Records for the task
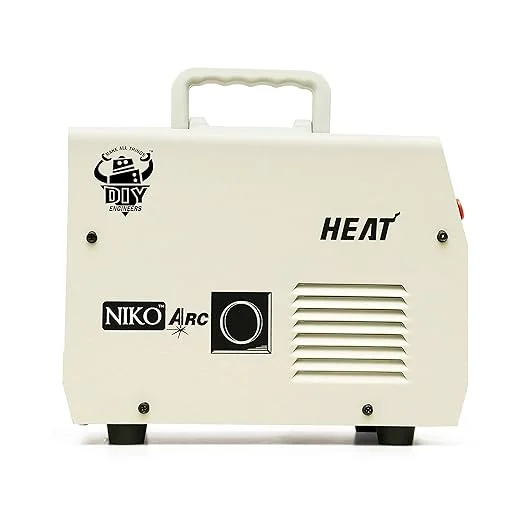 NIKO ARC Welding 250Amp Heavy Duty with Holder and Clamp cable Free 1 Year Warranty Contact 9082404995 - Image 2
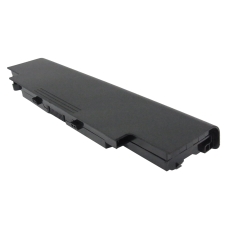 Reemplazo de batería compatible para DELL 0383CW,04YRJH,06P6PN,07XFJJ,0J1KND...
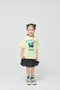 アートで可愛い子供服♪80~150【NEWO】アニマルTシャツ
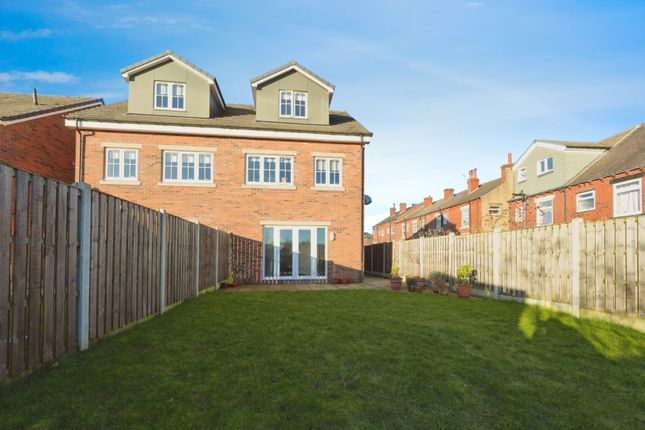 Semi-detached house for sale in Ardsley Falls Close, Wakefield
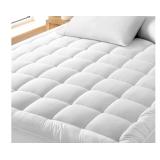 Full-Size Mattress Cover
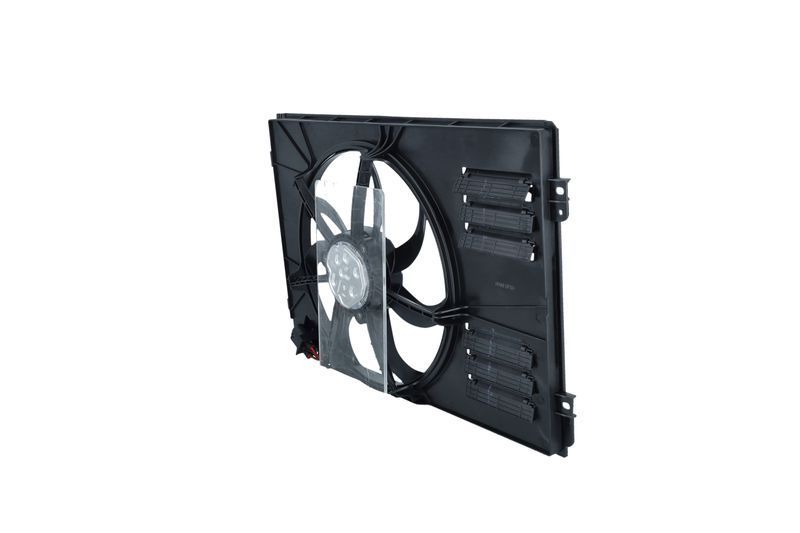 Ventilaator, mootorijahutus, NRF 47925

What to do
Each line of the data above must be repeated exactly, images excluded.

Exercise output
 NIKO ARC Welding 250Amp Heavy Duty with Holder and Clamp cable Free 1 Year Warranty Contact 9082404995 - Image 2
 Reemplazo de batería compatible para DELL 0383CW,04YRJH,06P6PN,07XFJJ,0J1KND...
 アートで可愛い子供服♪80~150【NEWO】アニマルTシャツ
 Semi-detached house for sale in Ardsley Falls Close, Wakefield
 Full-Size Mattress Cover
 Ventilaator, mootorijahutus, NRF 47925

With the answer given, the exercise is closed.